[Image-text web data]
>>>

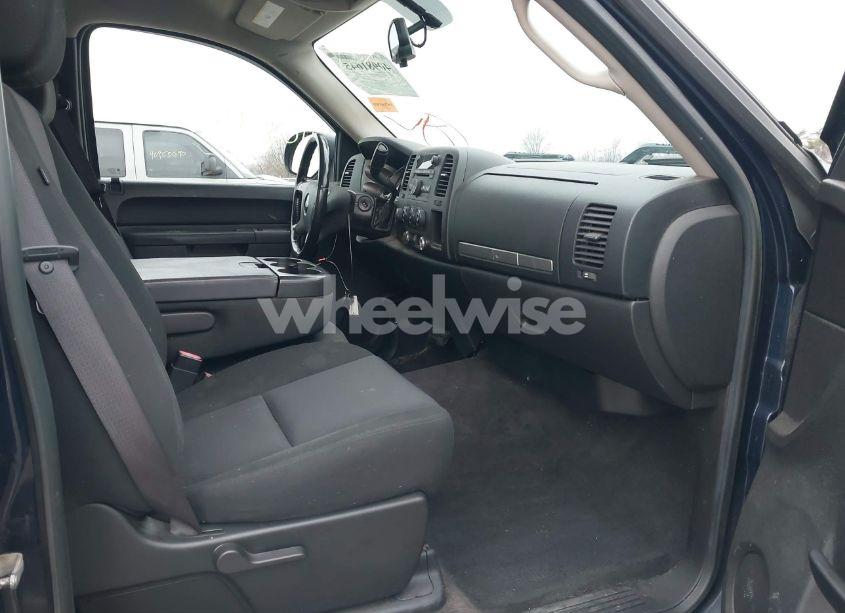 Photo 5 of 2010 Chevrolet Silverado 1500 LT (VIN 1GCPKSE06AZ209916)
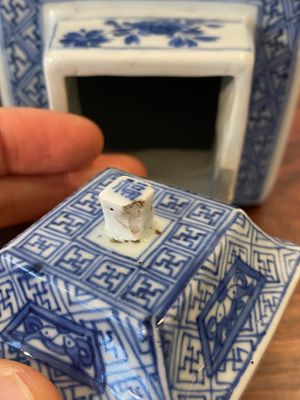 A pair of Chinese blue and white square 'narrative subject' vases and covers, Kangxi — photo 8
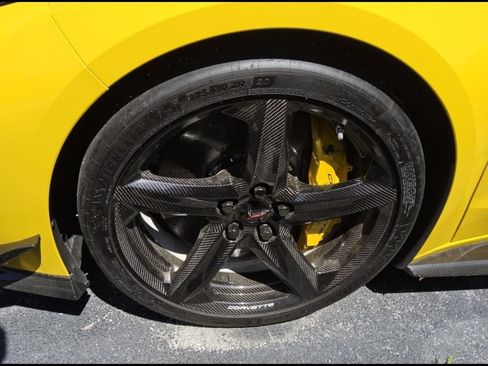 Used 2025 Chevrolet Corvette Z06 w/ Z07 Performance Package RWD image 3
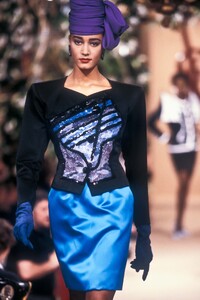 YvesSaintLaurent1988HauteCoutureSS17.thumb.jpg.a0eebabbfcbc621d6814f63671c63091.jpg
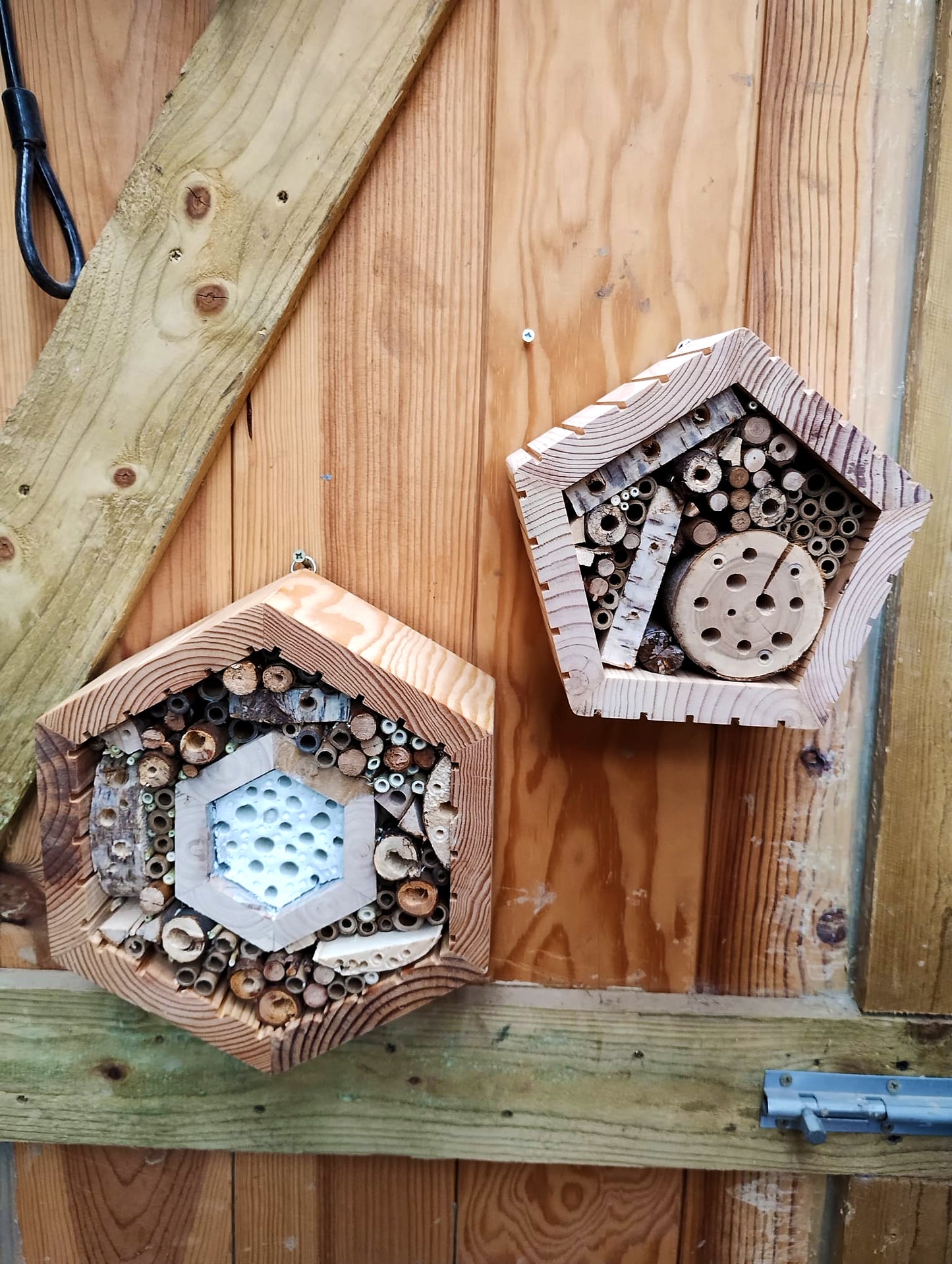 Honeycomb Bee Hotel with Clay Interior - Ideal for Mason Bees and Bumblebees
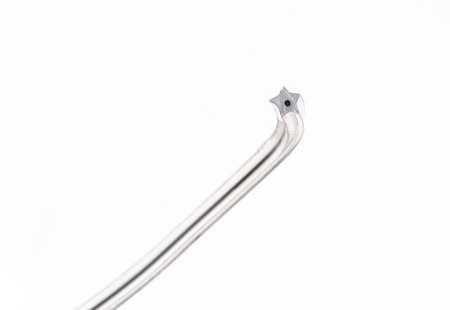 Żyłka tnąca do głowicy kosy spalinowej podkaszarki zbrojona z drutem 100m 2,4 mm gwiazdka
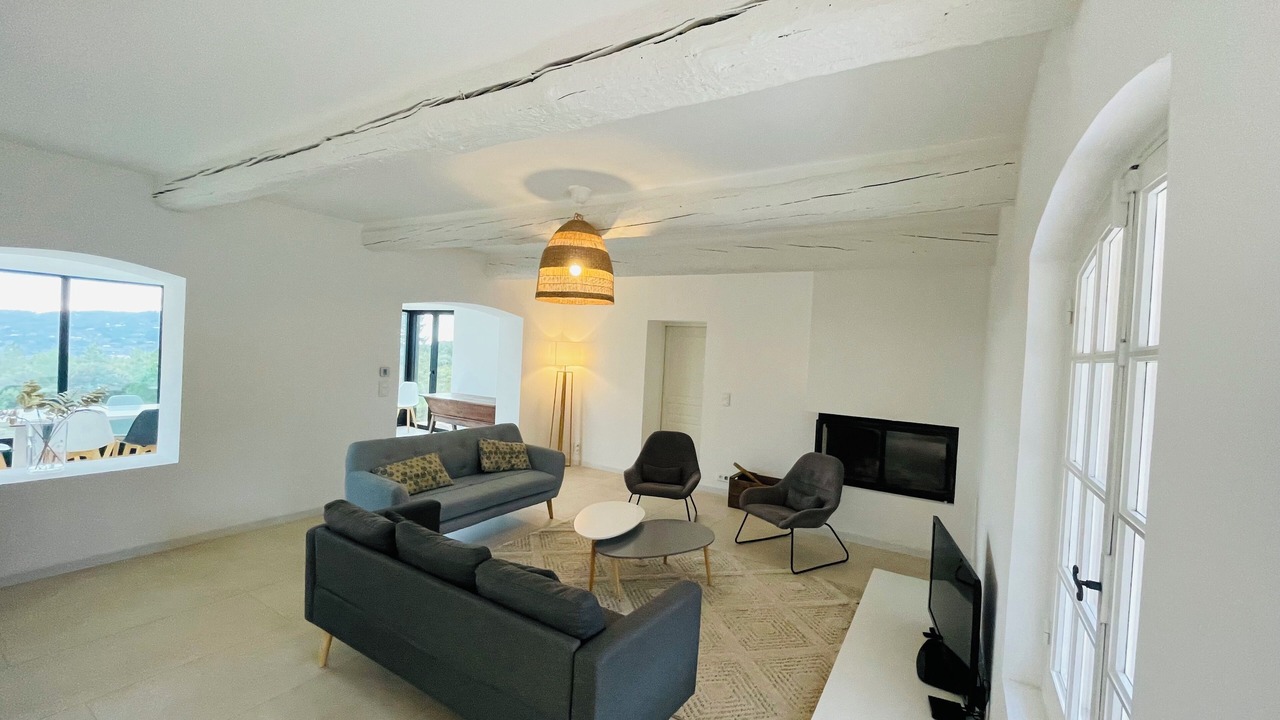 Photo of Livingroom in Evenos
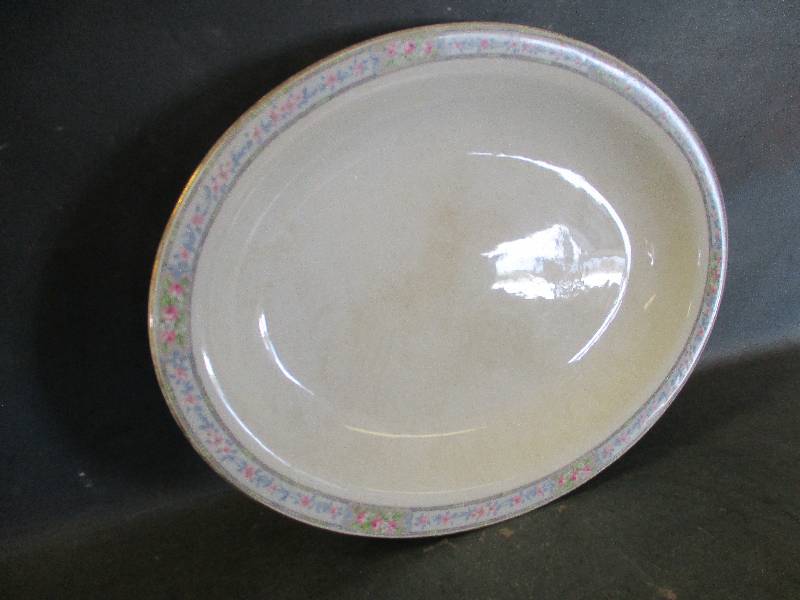 lot 91 image: Vintage Serving Platter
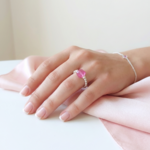 bague-argent-925-massif-elastique-perle-carree-facettee-taille-coussin-l-insolente-bijoux-elisa-rose-tendre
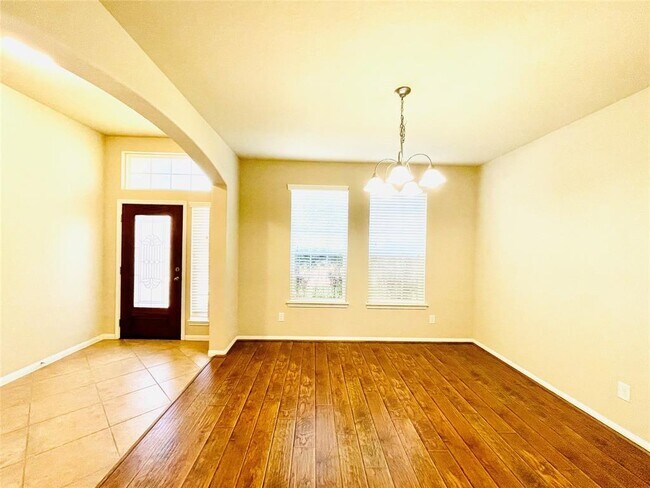 Building Photo - 24814 Colonial Maple Dr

<<<

## Exercise directions
Nothing but the lines from the one containing "Photo of Livingroom in Evenos" through the end of the entries is to be retyped, exactly as written and without pictures.

## Exercise output
 Photo of Livingroom in Evenos
 lot 91 image: Vintage Serving Platter
 bague-argent-925-massif-elastique-perle-carree-facettee-taille-coussin-l-insolente-bijoux-elisa-rose-tendre
 Building Photo - 24814 Colonial Maple Dr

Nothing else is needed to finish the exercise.